[Data provided]
++++++++++
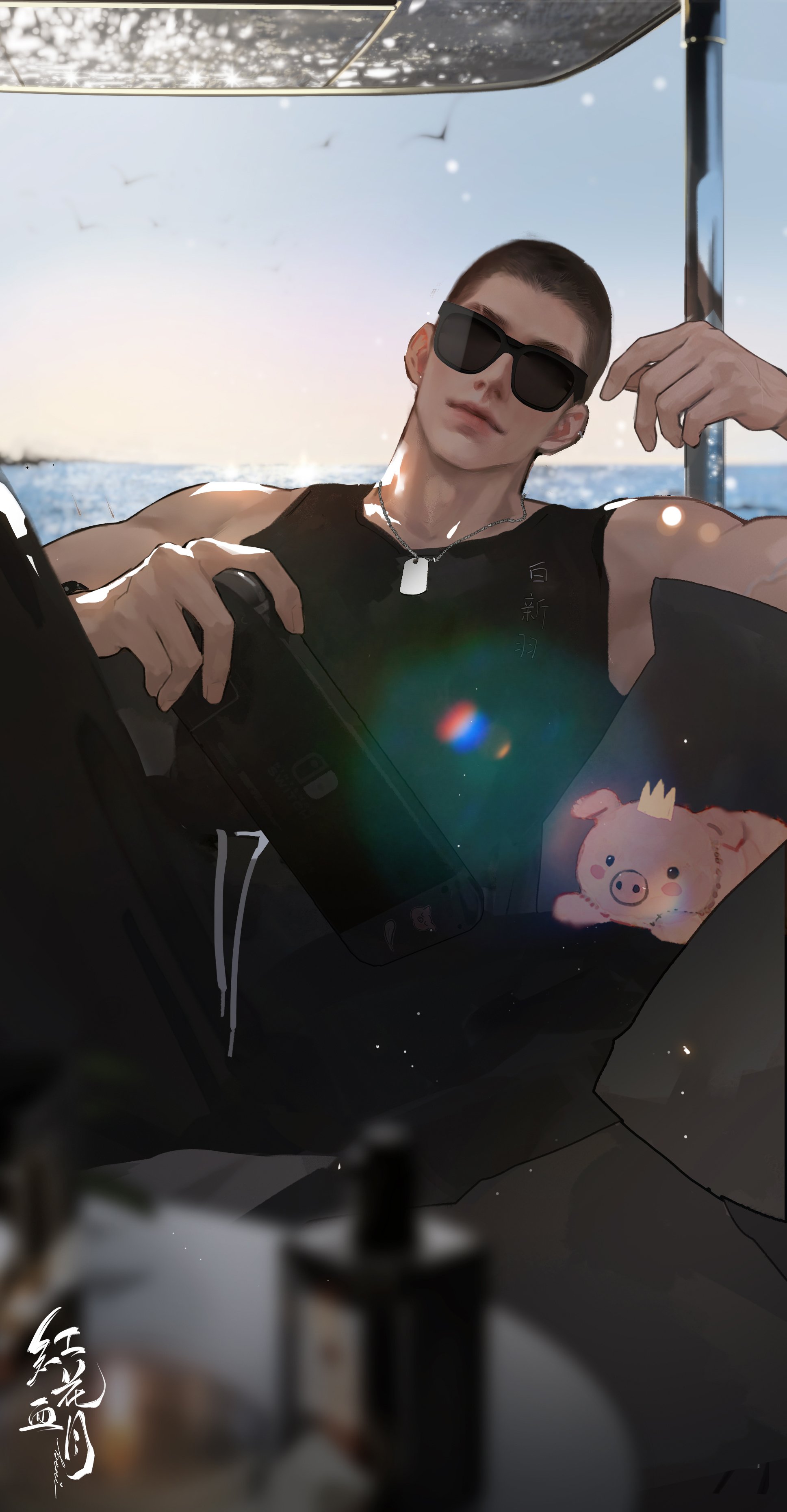 a young man with short hair and sunglasses is lounging on a boat. he's wearing a black tank top and has a small pink pig plush toy beside him. the ocean and a bright sky are visible in the background, indicating a sunny day. he appears relaxed and enjoying the moment.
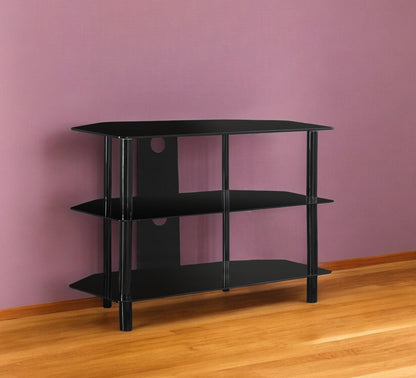 36" Black Metal Open Shelving TV Stand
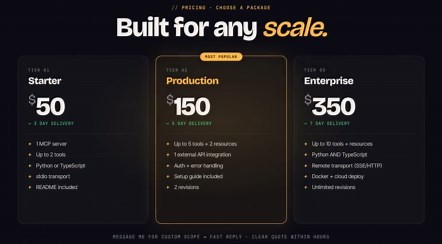 Mahfuzcmt: I will develop a custom mcp server in python or typescript for ai for $50 on fiverr.com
++++++++++
[Exercise brief]
Set down again, exactly, the lines from the one with "Shelving TV Stand" to the last line of the data, both included and pictures excluded.

[Reply to the exercise]
 36" Black Metal Open Shelving TV Stand
 Mahfuzcmt: I will develop a custom mcp server in python or typescript for ai for $50 on fiverr.com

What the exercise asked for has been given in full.